Recently at eBay we migrated our 20 petabyte analytics platform from a data warehousing vendor to our own open-source-based in-house system built on Hadoop. Making that transition gave eBay the flexibility to innovate at scale and to quickly source the data necessary to fuel our tech-led reimagination. However, the third and final key component of the migration hinged on optimizing our data processing to meet or beat the performance of the legacy vendor system.

Background

eBay has a set of critical production tables (listed below) that must be refreshed on a daily basis within a set time period. This timing is extremely crucial since the data is used for various high priority reports that are distributed to eBay leaders across the globe. Therefore, it was imperative for the Hadoop system to be able to refresh these critical tables with the same speed and efficiency as the vendor system so the downstream reports could all be generated and distributed without any impact to business.

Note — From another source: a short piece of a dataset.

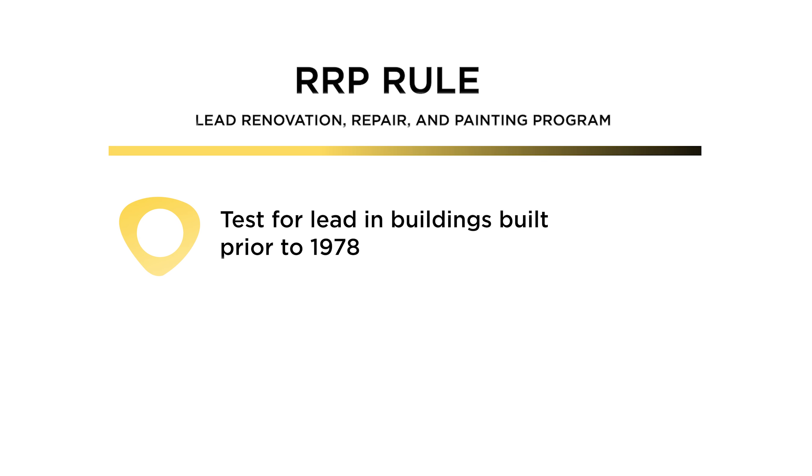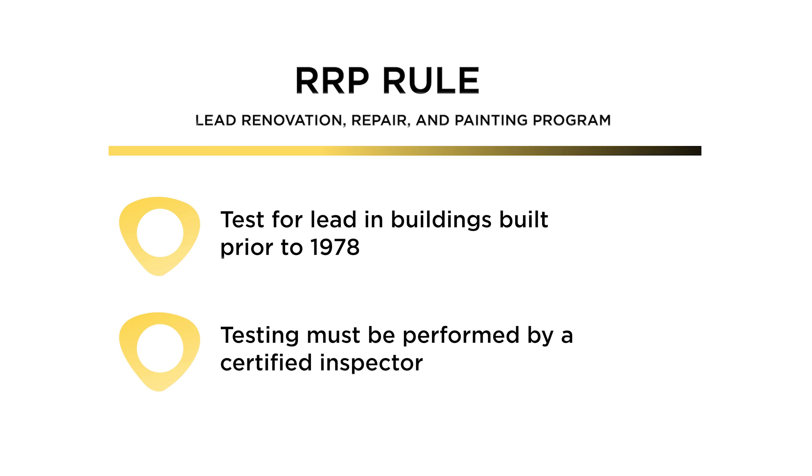Hi, I'm Gary with Taylor Adhesives, and today we're going to talk to you about when to test for lead. According to the EPA, most buildings built prior to 1978 fall under the RRP rule, which is the lead-based paint renovation repair and painting rule.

There were other factors that added to the need for Hadoop job optimizations. For example, Hadoop cluster resources would be wasted if extract, transform, load (ETL) batch jobs did not run efficiently. Additionally, inefficient job processing would also demand more support effort from the Hadoop platform team as well as the data services organization.

The initial assessments identified opportunities to streamline the design of the system, as well as batch jobs, tables, SQL scripts and other parameters. All these efforts to optimize Hadoop jobs yielded the results below.

Results

You can find the SLA table in italics below, demonstrating how the completion time in Hadoop is earlier than in our former vendor system.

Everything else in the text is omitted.